- ABOUT THIS TASK
Where the records below reach the line containing "Vintage Hand Painted", start transcribing, and end with the line containing "Eine Frau steht", exactly and with nothing else added.

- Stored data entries

::::::::::

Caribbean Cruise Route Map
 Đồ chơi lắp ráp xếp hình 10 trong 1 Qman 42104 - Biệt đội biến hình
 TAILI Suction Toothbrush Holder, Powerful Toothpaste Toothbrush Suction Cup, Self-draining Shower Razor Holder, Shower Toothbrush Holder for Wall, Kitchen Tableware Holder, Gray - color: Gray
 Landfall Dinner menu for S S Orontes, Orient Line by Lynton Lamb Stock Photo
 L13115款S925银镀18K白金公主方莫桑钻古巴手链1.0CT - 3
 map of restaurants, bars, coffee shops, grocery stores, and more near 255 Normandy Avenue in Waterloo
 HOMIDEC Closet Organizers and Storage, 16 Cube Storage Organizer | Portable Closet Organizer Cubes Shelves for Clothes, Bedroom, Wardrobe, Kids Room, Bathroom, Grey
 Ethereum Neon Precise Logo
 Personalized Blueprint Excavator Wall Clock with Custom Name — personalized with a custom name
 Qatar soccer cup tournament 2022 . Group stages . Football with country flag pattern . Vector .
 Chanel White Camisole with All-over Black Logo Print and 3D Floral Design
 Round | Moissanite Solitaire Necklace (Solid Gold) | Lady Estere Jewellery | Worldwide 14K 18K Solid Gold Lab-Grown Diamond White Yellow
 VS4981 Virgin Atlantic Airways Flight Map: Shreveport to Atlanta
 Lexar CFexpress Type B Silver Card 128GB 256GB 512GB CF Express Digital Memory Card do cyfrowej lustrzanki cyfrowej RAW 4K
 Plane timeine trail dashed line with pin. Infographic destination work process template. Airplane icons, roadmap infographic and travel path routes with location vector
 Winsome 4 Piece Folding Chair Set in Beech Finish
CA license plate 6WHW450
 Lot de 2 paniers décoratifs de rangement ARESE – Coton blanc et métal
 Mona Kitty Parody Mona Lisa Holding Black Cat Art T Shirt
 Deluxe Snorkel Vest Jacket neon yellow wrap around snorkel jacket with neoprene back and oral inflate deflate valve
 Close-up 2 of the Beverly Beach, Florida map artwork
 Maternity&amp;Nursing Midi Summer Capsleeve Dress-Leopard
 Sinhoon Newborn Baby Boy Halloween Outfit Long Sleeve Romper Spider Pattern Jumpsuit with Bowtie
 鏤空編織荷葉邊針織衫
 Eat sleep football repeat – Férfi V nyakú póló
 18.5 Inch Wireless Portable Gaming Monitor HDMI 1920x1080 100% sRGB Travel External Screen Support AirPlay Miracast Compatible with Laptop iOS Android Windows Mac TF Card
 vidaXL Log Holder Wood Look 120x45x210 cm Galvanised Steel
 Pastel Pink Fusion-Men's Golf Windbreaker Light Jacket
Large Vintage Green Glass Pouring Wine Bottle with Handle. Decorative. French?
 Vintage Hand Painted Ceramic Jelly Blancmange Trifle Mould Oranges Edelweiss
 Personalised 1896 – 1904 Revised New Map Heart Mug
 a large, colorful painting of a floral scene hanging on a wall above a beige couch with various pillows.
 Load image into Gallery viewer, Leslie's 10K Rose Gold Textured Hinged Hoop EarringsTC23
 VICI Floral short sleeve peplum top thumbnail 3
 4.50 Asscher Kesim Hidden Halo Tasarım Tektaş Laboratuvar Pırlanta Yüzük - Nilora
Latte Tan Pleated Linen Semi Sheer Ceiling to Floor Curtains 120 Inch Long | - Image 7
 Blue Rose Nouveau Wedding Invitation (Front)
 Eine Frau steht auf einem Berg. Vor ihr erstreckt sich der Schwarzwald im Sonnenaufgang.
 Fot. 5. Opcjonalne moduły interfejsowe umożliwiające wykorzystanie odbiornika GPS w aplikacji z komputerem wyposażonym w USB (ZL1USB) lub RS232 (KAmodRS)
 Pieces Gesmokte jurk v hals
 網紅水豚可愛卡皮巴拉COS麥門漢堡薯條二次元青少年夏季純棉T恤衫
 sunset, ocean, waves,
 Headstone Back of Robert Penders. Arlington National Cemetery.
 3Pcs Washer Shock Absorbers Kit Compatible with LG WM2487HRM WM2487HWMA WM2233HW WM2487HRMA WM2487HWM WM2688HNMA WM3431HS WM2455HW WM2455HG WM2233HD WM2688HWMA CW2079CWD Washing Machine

::::::::::

- RESULT FOR THIS TASK
 Vintage Hand Painted Ceramic Jelly Blancmange Trifle Mould Oranges Edelweiss
 Personalised 1896 – 1904 Revised New Map Heart Mug
 a large, colorful painting of a floral scene hanging on a wall above a beige couch with various pillows.
 Load image into Gallery viewer, Leslie's 10K Rose Gold Textured Hinged Hoop EarringsTC23
 VICI Floral short sleeve peplum top thumbnail 3
 4.50 Asscher Kesim Hidden Halo Tasarım Tektaş Laboratuvar Pırlanta Yüzük - Nilora
Latte Tan Pleated Linen Semi Sheer Ceiling to Floor Curtains 120 Inch Long | - Image 7
 Blue Rose Nouveau Wedding Invitation (Front)
 Eine Frau steht auf einem Berg. Vor ihr erstreckt sich der Schwarzwald im Sonnenaufgang.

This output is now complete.